Minehead’s RNLI lifeboat station has taken delivery of a brand-new rescue craft – thanks to the generosity of the local community.

A replacement D class lifeboat was delivered to the station last week with crew members pictured putting it through its paces on Sunday morning.

The boat was constructed at the RNLI’s own inshore lifeboat centre at East Cowes on the Isle of Wight.

Two years ago the Minehead station was given the opportunity by the RNLI of helping to offset the £52,000 it cost to build and equip.

Minehead RNLI chairman Bryan Stoner said the station’s fundraising group had turned immediately to the local community in view of its long and impressive history of supporting the station’s work.

“And I am delighted to say yet again local people came up trumps,” he said.

“Donations soon began flowing in while a number of individuals and organisations arranged specific money-raising events.

“In the event all the money was raised within six months, a really fantastic achievement. In fact we had to close the appeal with money still coming in because our target had been exceeded.”

The new boat will be known as Exmoor Belle – the winning name chosen after a competition among pupils at Minehead Middle School.

Appropriately enough the successful entry was submitted by Lilia Guscott, whose father, James, and grandfather, Steve, are both former members of the Minehead crew.

She will be officially naming the boat at a ceremony at the station on the afternoon of March 21.

The Exmoor Belle replaces another D class which had given 10 years active service at the station and been launched hundreds of times on service and on exercise.

D class lifeboats have been saving lives at Minehead for 50 years, the first going on station only a few years after the RNLI had introduced the class to its fleet as a direct response to the changing nature of emergency calls and the huge increase in leisure and pleasure boating around the coasts of the UK and Ireland.
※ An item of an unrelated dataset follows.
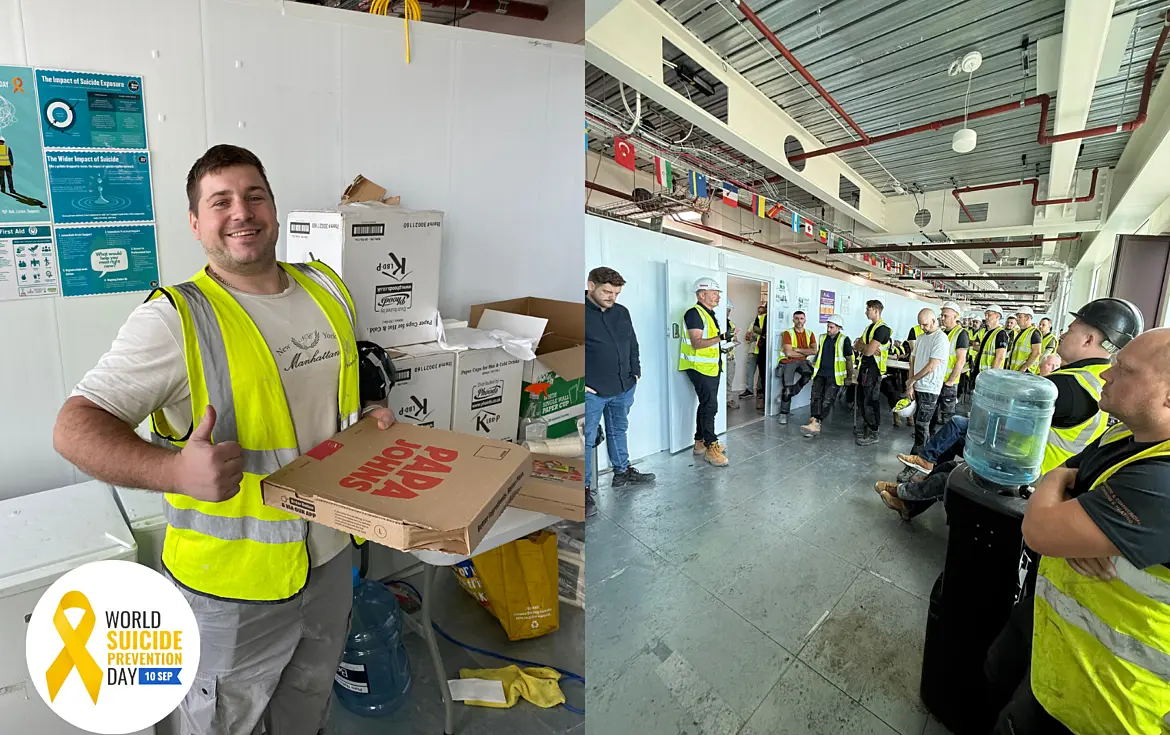 Split image showing activities on a construction site for World Suicide Prevention Day. On the left, a construction worker wearing a high-visibility vest holds several pizza boxes beside a table and stacked supplies, with safety and wellbeing posters displayed on the wall behind. On the right, a group of construction workers in high-visibility clothing and hard hats gather in a corridor while listening to a site briefing. International flags hang from the ceiling and a water dispenser is visible in the foreground. A World Suicide Prevention Day logo appears in the bottom-left corner of the image.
It was designed to be rugged, manoeuvrable, quick to launch (the volunteer Minehead crew reckon to be at sea within seven or eight minutes of being alerted) and capable of operating in surf, in very shallow water and among rocks and has now become the workhorse of the RNLI fleet, Exmoor Belle is the latest development of that original design but is considerably more sophisticated in terms of equipment than the first, fairly rudimentary version.

It is 5.5 metres long with a 2.2 metre beam. Powered by a 50 hp outboard engine it is capable of 25 knots and is equipped for day and night work with an endurance at sea of three hours at full speed. It normally carries a crew of three and can accommodate up to five casualties.